What they need to worry about though is, their distinct lack of oxygen. Due to oxygen being readily available to us, it doesn't even occure to us, how reliant our technologies are on it's existence. No oxygen means no fire, no fire means no artificial warmth and source of potent and controlable energy, means no higher technology beyond simple stone tools at most. Heck, they wouldn't even know how to cook food, because they wouldn't be able to create a fire, as not even a lightning strike could randomly create one, due to the absences of oxygen.

Although imagining what is going to happen when lightning strikes in a hydrogen-rich atmosphere that somehow ends up with a localized oxygen surplus is kinda something I'd like to see, because water-rain and instant cloud-formation as a result of a violent exothermal runaway reaction in a giant fireball should kinda be a sight to behold once in your life (though, security reminder: experiencing that event in person will be your terminal sight to behold).

Worse yet, no oxygen also means no highly potent source of energy on a cellular level. It's borderline impossible to imagine a complex multicellular life-form without mitochondria or a comparable specialized organism producing an excess of energy for whatever other organism joined into a symbiosis with it, beyond a fungi (at the most complex).

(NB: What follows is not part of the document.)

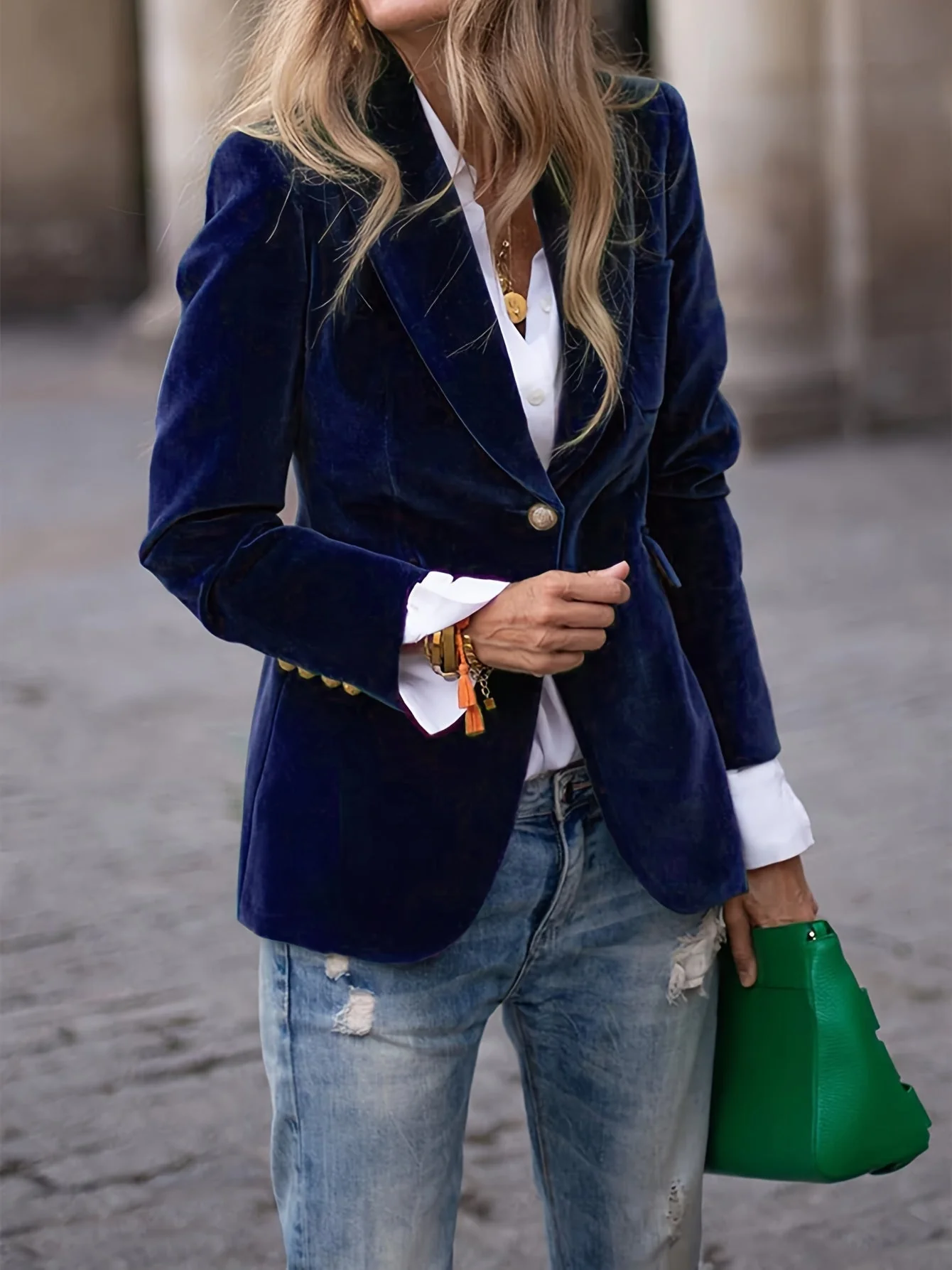 Tailored Fit Button Front Blazer for Women – Classic Stylish Comfort - Image 5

*It needs to be emphasized, that the earliest traces of life can be found during the Late Heavy Bombardment. That does not mean, however, that life on Earth didn't exist before already. All traces of which would've been eradicated during the Late Heavy Bombardment at latest, but definitly 300 million years earlier, during whatever specifically caused the formation of the moon (which resulted in the definite firey liquidation of anything even remotely solid on Earth before that point in time; even though depending on what exactly caused the formation of the Moon, Earth wasn't technically Earth yet, because what is Earth after the formation of the Moon might very well be the amalgam of two previously distinct celestial bodies).
I think it is worth noting that whilst ''Its life Jim, but not as we know it'' could certainly be used to explain away some of these problems (we do after all only currently have one sample size as to the formation of life) the laws of physics and nature should remain a relative constant wherever you go in the universe. There could for example be a gas out there that we do not know of that has similar properties to oxygen but it would also have to be rare enough that it would require completely unknown processes. Such a race would be confined to their own planet forever unless they were able to mass-produce an artificial substitute.

Where things become interesting imo would be the presence of AI and self-replicating machines. They could live pretty much anywhere and travel far further distances without FTL than we ever could. I would go as far as to say that actual first contact if it ever happens will not be with organic life due to just how fragile we are when it comes to deep space travel. We require too many resources, we have too many needs, and we do not live long enough.

Re: The strongest evidence for alien life - perhaps

Posted: Fri Apr 18, 2025 9:35 pm
by McAvoy
Even if we were able to send a ship filled with AI controlled robots at near light speed, it would still take 124+ years to get there. We would have to seriously mature our AI and robotics to last that long. Able to repair themselves or build new bodies during that time.

That is still a long time for even a robot to last that long without some sort of malfunction of some kind.

The we would wait another 124+ years to get a signal from them if there is life or something else.

I suppose we would at least do baby steps like sending a ship to Alpha Centuri. That would only be 4-5 years.